** DATASET ENTRIES **
· · · ·
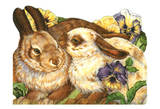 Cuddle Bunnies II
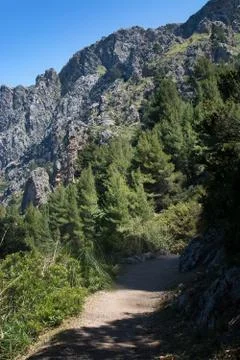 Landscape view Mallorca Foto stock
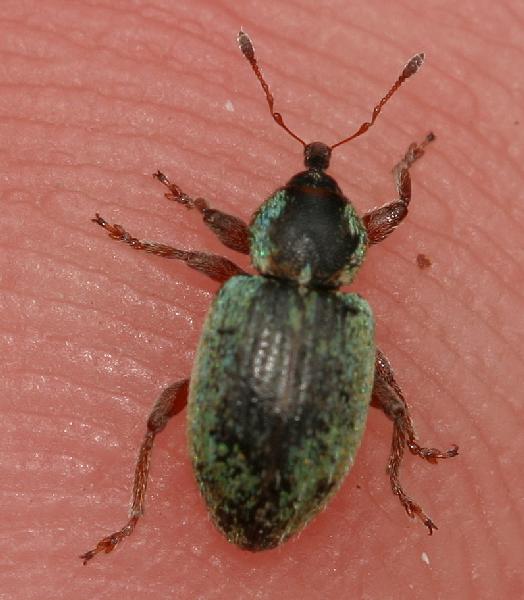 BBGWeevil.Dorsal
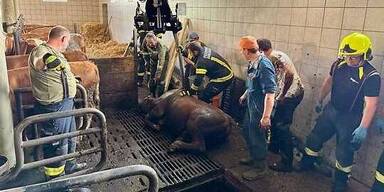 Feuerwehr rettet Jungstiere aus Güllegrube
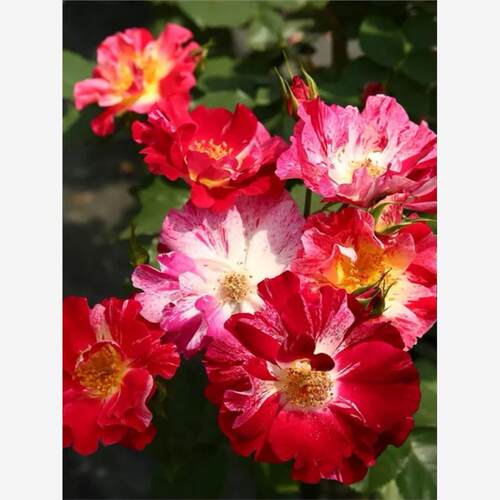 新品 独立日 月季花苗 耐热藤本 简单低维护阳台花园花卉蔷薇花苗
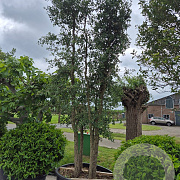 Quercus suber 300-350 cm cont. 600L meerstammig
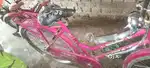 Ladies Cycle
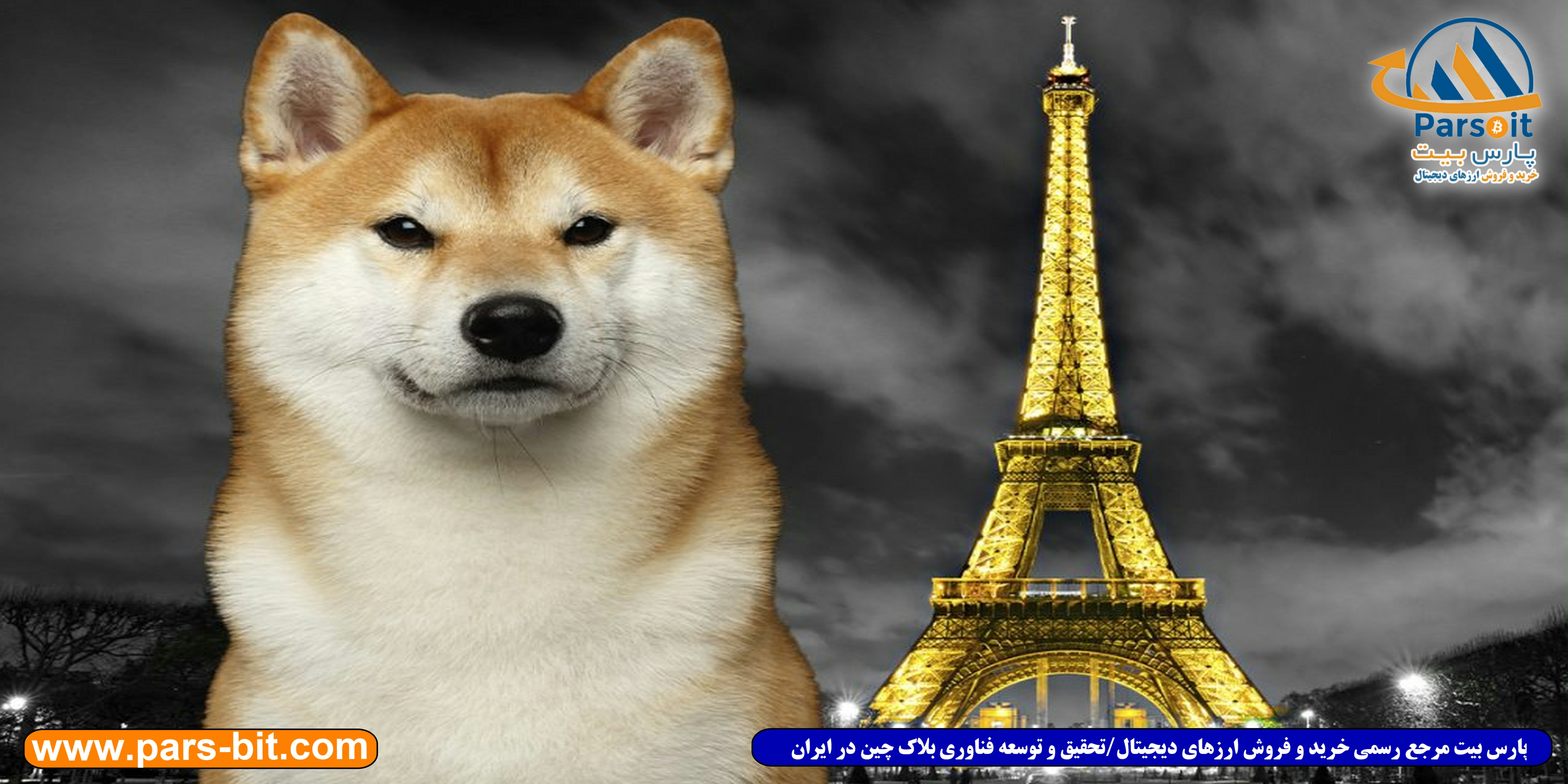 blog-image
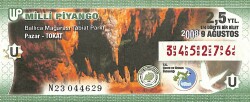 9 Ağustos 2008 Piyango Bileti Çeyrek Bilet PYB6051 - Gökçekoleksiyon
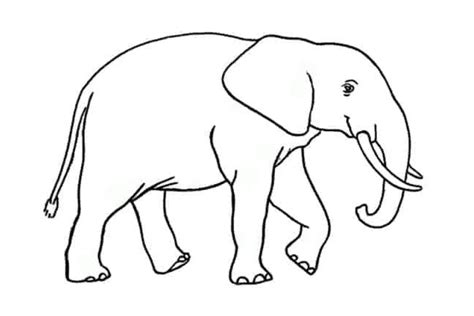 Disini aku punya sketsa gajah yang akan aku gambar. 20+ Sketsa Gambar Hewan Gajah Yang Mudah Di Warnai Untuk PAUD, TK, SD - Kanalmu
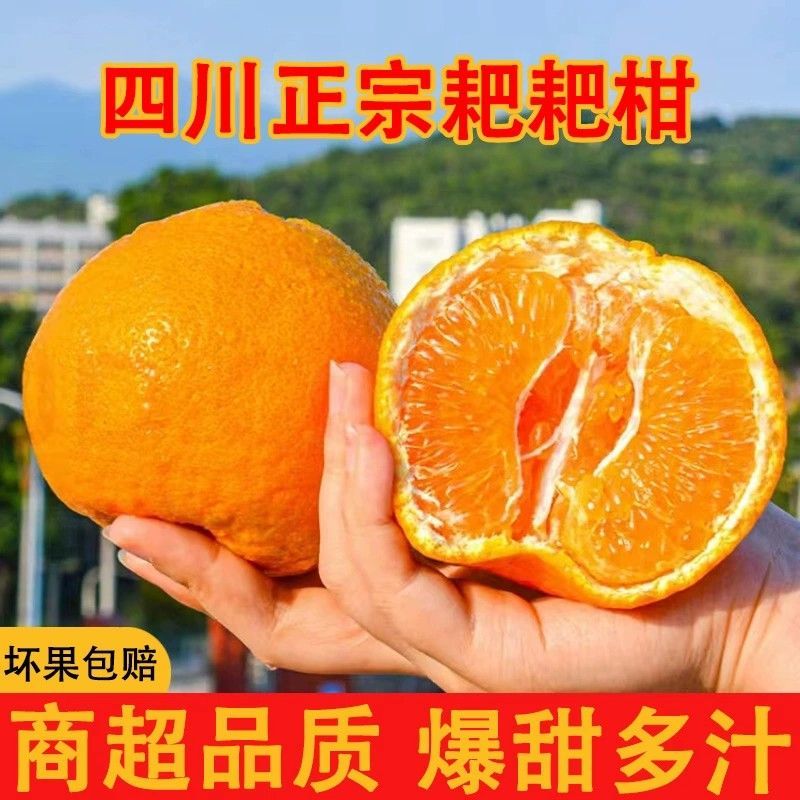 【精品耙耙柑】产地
· · · ·
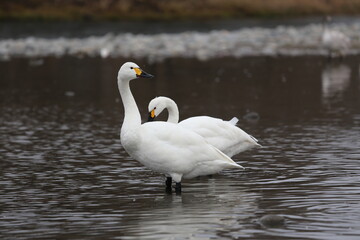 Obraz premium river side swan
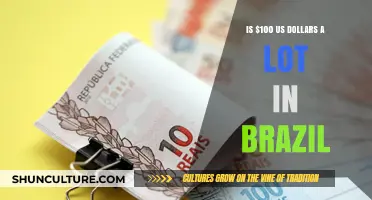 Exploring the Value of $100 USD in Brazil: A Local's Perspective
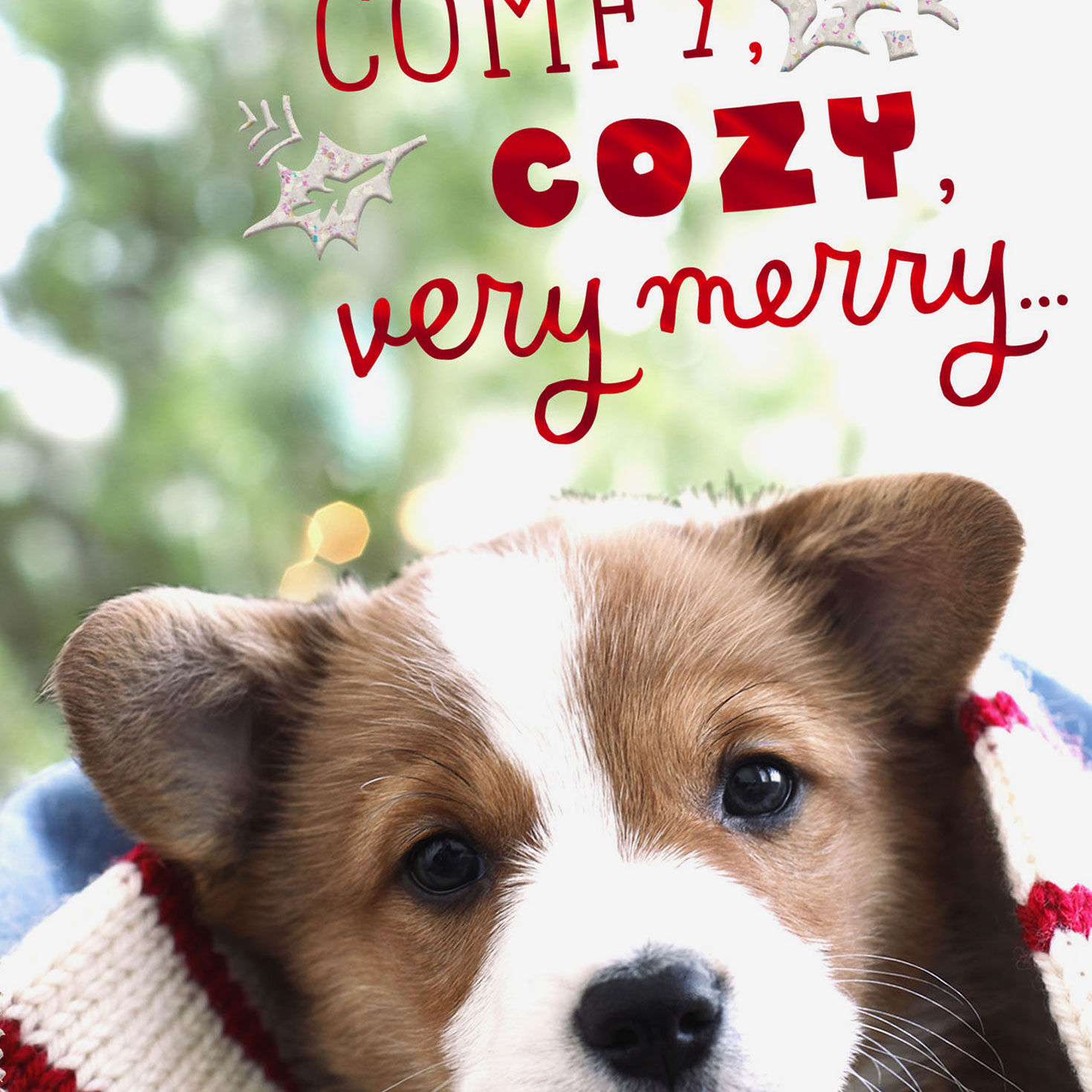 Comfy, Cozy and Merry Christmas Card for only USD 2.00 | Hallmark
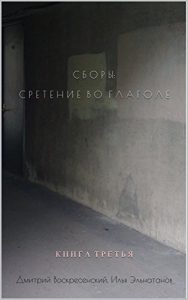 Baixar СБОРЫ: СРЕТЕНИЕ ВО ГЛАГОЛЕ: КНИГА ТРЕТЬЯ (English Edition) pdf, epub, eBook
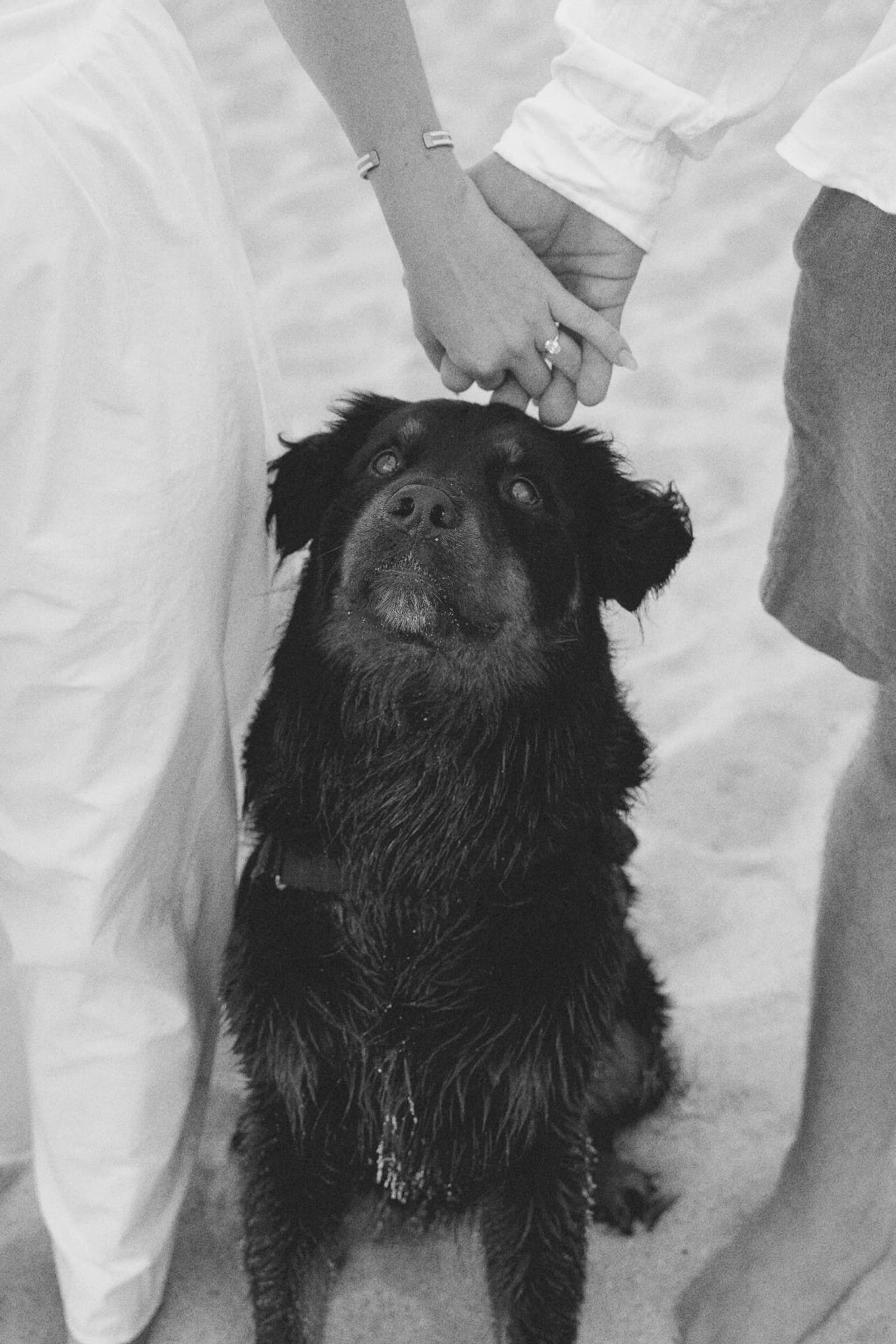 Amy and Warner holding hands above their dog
· · · ·
** THE PROBLEM **
In the records above, find the line with "Landscape view Mallorca Foto stock" and the line with "9 Ağustos 2008". Write out exactly those lines and every one between, with no pictures and no other lines.

** ANSWER BOX **
 Landscape view Mallorca Foto stock
 BBGWeevil.Dorsal
 Feuerwehr rettet Jungstiere aus Güllegrube
 新品 独立日 月季花苗 耐热藤本 简单低维护阳台花园花卉蔷薇花苗
 Quercus suber 300-350 cm cont. 600L meerstammig
 Ladies Cycle
 blog-image
 9 Ağustos 2008 Piyango Bileti Çeyrek Bilet PYB6051 - Gökçekoleksiyon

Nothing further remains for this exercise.